Don Quijote, en su andar caballeresco, se encuentra con una extraña
carreta que sale intempestivamente a través del camino, cargada de los
más diversos personajes y figuras. Parece la barca de Carón con
su barquero del infierno llevando a sus sufridos dolientes a la hoguera eterna.
Es conducida por un feo demonio. Vienen con él un ángel, un emperador,
un Cupido, un caballero con un sombrero lleno de plumas de diversos colores, también
otros con diferentes trajes y máscaras. Es una imagen dantesca que le produce
miedo al corazón de Sancho.
Don Quijote los enfrenta e indaga por sus afanes. El carretero le responde: somos
actores de la compañía de Angulo, el Malo (famoso actor y director
de las artes dramáticas del Siglo XVI). Acabamos de representar un auto
sacramental (pieza en un acto de tema sagrado) en un pueblo a pocos pasos de aquí
y vamos a otro también muy cerca, por ello lucimos los vestidos apropiados.
Don Quijote entusiasmado comenta que desde muchacho fue siempre aficionado a la
carátula. Por ello muchos aseguran que el caballero de la triste figura
se comporta como un actor y finge ser un caballero andante, escenifica con delirio
sus disparatadas aventuras.
De pronto irrumpe en escena un mamarracho vestido de bojiganga, se adorna con
muchos cascabeles y lleva un palo que en su punta trae tres vejigas de vaca hinchadas.
Este personaje preside la carreta de los farsantes a la entrada de las aldeas.
Con su bullicio alborota a Rocinante que sale a galope con Don Quijote, Sancho
se apresura a socorrerlo pues ambos caen. El mamarracho se lleva el asno de Sancho
y luego lo abandona. Don Quijote decide amonestar a los de la carreta de las comedias,
se acerca a ellos en tono amenazante, ellos se preparan con una sopa de arroyo
(de piedras) para responder su temeridad. Sancho con prudencia aconseja a su amo
que lo mejor es evitar esa pelea pues en ese grupo no hay ningún caballero
andante. Don Quijote recapacita y con humildad le dice a su escudero: Sancho bueno,
Sancho discreto, Sancho cristiano y Sancho sincero dejemos esos fantasmas y busquemos
mejores aventuras.
> Una vez más se impone la sabiduría popular por boca de Sancho
y en esta ocasión el valiente caballero de la locura escucha los consejos
de su rústico escudero. Cervantes, al crear con habilidad a sus dos personajes
con todos los antagonismos que representan, lo que hace es manifestarnos que somos
muchos en uno, esa dualidad existencial nos hace oscilar en distintos planos paralelos,
pero en realidad somos bifrontes mirando con caras diferentes una realidad múltiple.
He allí la grandeza de un genio de la literatura de todos los tiempos.

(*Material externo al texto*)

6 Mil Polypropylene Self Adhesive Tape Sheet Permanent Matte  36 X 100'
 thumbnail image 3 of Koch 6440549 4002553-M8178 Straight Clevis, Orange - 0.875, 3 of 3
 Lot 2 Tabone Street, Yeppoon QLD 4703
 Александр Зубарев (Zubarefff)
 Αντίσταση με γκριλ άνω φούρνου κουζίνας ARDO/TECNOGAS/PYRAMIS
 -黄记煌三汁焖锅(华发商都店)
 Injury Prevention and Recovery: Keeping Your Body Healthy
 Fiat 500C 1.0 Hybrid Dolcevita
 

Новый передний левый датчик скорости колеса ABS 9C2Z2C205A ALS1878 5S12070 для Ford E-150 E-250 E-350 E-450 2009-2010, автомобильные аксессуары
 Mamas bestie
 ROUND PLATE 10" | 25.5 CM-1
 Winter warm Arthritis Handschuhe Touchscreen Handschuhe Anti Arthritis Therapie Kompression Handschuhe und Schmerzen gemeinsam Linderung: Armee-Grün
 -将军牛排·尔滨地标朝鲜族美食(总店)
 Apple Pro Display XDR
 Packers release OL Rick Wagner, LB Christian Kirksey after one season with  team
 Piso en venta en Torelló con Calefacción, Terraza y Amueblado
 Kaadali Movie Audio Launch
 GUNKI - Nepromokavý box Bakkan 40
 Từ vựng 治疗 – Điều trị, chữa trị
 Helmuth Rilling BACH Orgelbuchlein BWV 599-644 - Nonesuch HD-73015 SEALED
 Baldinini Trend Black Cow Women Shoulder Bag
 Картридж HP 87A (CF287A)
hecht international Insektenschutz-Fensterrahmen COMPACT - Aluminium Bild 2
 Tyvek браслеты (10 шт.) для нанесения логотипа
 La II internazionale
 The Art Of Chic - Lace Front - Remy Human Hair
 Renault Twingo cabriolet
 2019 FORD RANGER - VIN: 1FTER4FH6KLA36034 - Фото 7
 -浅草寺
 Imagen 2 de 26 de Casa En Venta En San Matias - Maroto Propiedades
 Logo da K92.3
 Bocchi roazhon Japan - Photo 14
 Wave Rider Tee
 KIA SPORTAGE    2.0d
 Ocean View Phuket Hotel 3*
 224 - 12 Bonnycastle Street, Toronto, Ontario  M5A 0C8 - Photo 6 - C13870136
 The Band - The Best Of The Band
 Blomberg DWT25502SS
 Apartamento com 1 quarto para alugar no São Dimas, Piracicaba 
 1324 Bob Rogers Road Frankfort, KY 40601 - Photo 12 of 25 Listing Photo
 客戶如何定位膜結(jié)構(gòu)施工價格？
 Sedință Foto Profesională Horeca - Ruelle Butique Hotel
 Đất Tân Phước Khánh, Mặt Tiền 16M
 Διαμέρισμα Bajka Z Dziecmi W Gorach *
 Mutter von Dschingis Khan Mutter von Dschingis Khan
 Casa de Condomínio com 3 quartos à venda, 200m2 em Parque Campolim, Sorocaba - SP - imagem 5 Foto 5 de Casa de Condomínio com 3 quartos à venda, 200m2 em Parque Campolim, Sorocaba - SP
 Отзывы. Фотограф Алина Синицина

UNA QUIJOTADA DIGNA DE CERVANTES.
La prestigiosa editorial barcelonesa Carroggio (fundada en 1911) especializada
en libros de arte y enciclopedias y con más de 2000 títulos, en
celebración del IV Centenario del Don Quijote de Cervantes ha lanzado una
edición especial de lujo en miniatura, de 999 ejemplares numerados e ilustrada
por el panameño Ciro Oduber (1921-2000).
Durante cuatro siglos se han realizado más de 2500 ediciones del Don
Quijote en 50 idiomas distintos. La publicación de Carroggio es la más
pequeña en su tipo (dos volúmenes de 6 cm x 8 cm), su impresión
es en papel Biblia de 60 gr. Con una introducción del cervantista Pedro
M. Cátedra, especialista en literatura española, en las universidades
de Salamanca, la Sorbona y Colonia.
El artista panameño Ciro Oduber Oduber, destacado dibujante e ilustrador,
ejerció durante 30 años como profesor de pintura en diversas universidades
iberoamericanas. Oduber se formó en Argentina y Barcelona. Su pintura muy
ligada al cubismo por sus formas geometrizadas y por la descomposición
de la luz en grandes prismas, suaviza en su evolución la deformación
de la imagen con una tendencia impresionista. Oduber ilustra la edición
de Carroggio con más de 100 dibujos originales. Para el Panamá artístico
es un orgullo que un panameño se le distinga en esta publicación
a nivel mundial. La obra se puede adquirir en nuestro país. Es un incunable
por lo tanto una inversión a futuro.